Anna Wong: Traveller on Two Roads
Burnaby Art Gallery, Burnaby, BC
BURNABY ART GALLERY, BURNABY BC - Aug 31 - Nov 3, 2018
By Michael Turner
The passing of master printmaker Anna Wong (1930-2013) marked the end of an extraordinary life of a member of an im-portant Vancouver family. One of 10 children born to Modernize Tailors founder Gung Lai Wong and Man Ming, Anna Wong studied Chinese brush painting in Hong Kong before majoring in creative printmaking at the Vancouver School of Art. At the age of 36 she moved to New York to study at Pratt, where she then taught for 20 years, returning to Vancouver each summer to teach at a school of her own.
As much as this retrospective is devoted to over 70 of Wong’s paintings, hand-pulled prints and large-scale textile pieces, it also functions as a life map, inscribed with parallel movements, what it means to be in two places at once. For Wong, “place” includes her hyphenated status as a Chinese-Canadian, but also her life in Vancouver and New York, and later, the continuum of urban life and life at her rural studio on Quadra Island.

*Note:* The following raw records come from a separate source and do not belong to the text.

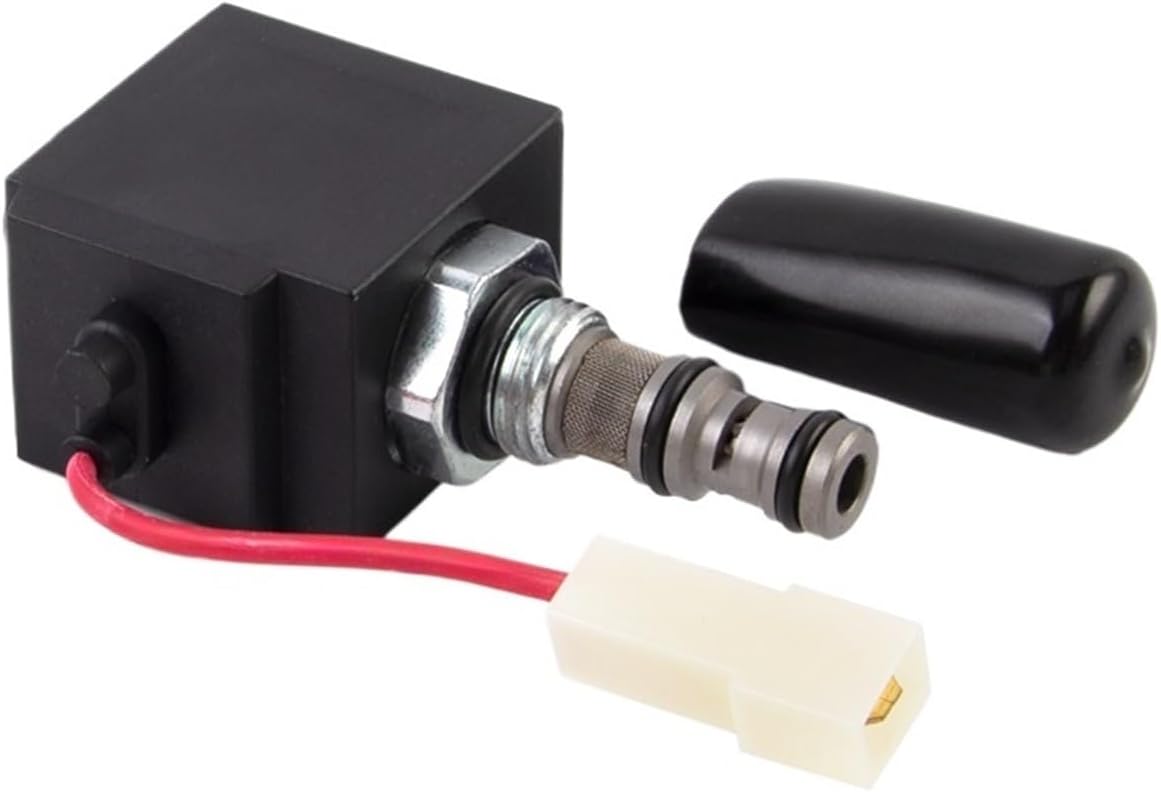 Solenoid Valve 81870291 CAR120892 CAR127831 for 5610S 6610S 6810S 7610S TS6.110/120/125/130/140 TS6000/6020/6030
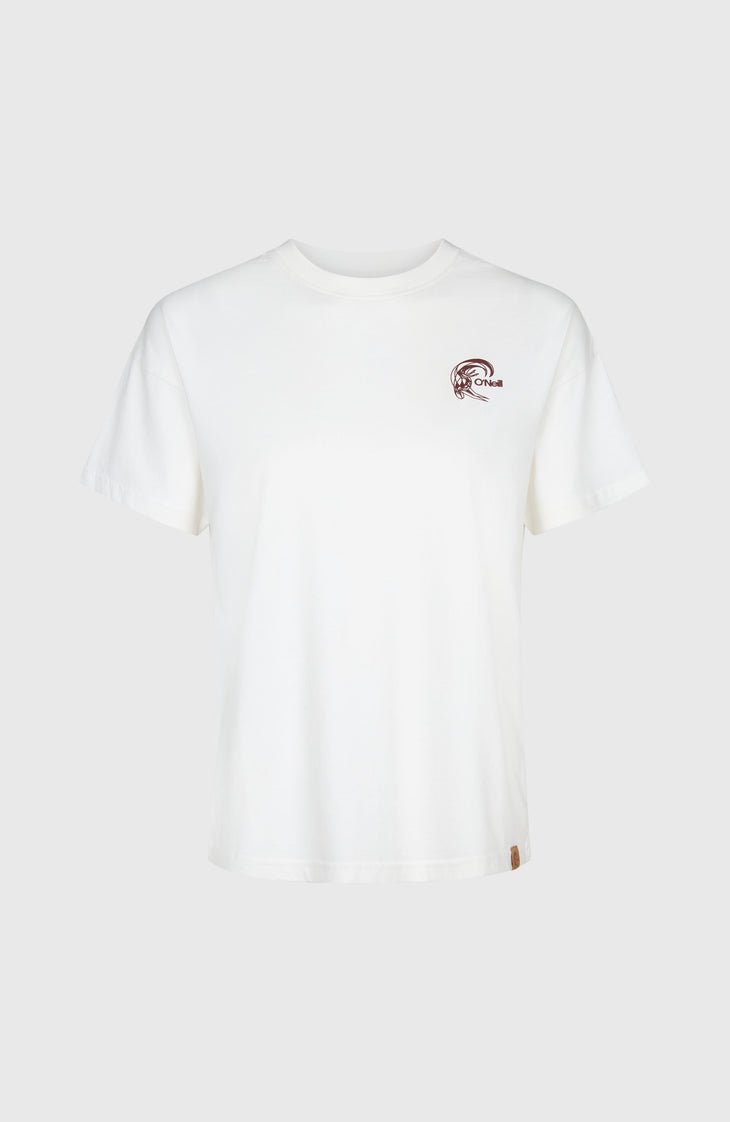 O'Riginals Back-Print T-shirt | Snow White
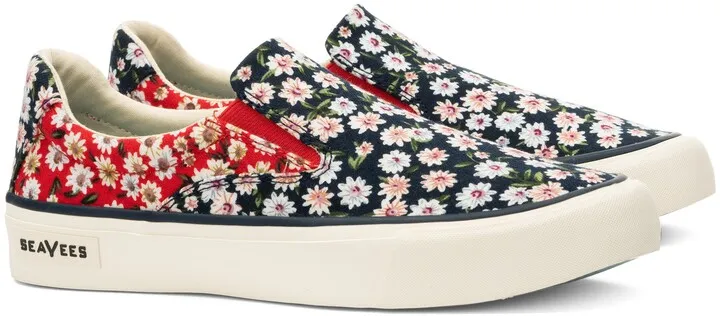 Hawthorne Floral Slip-On Sneaker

In their exhibition introduction, co-curators Ellen van Eijnsbergen and Jennifer Cane put it succinctly: “Whether Wong was creating work in the city or in her isolated West Coast studio, she was always working with images in stark contrast from her present surroundings: establishing an ‘elsewhere’ through tableaux of fir and maple leaves while living in Manhattan; or through scenes of the Great Wall and Mount Gongga while making art in Vancouver. These works represent two parallel journeys of self, and in this exhibition we have attempted to accompany her on those travels.”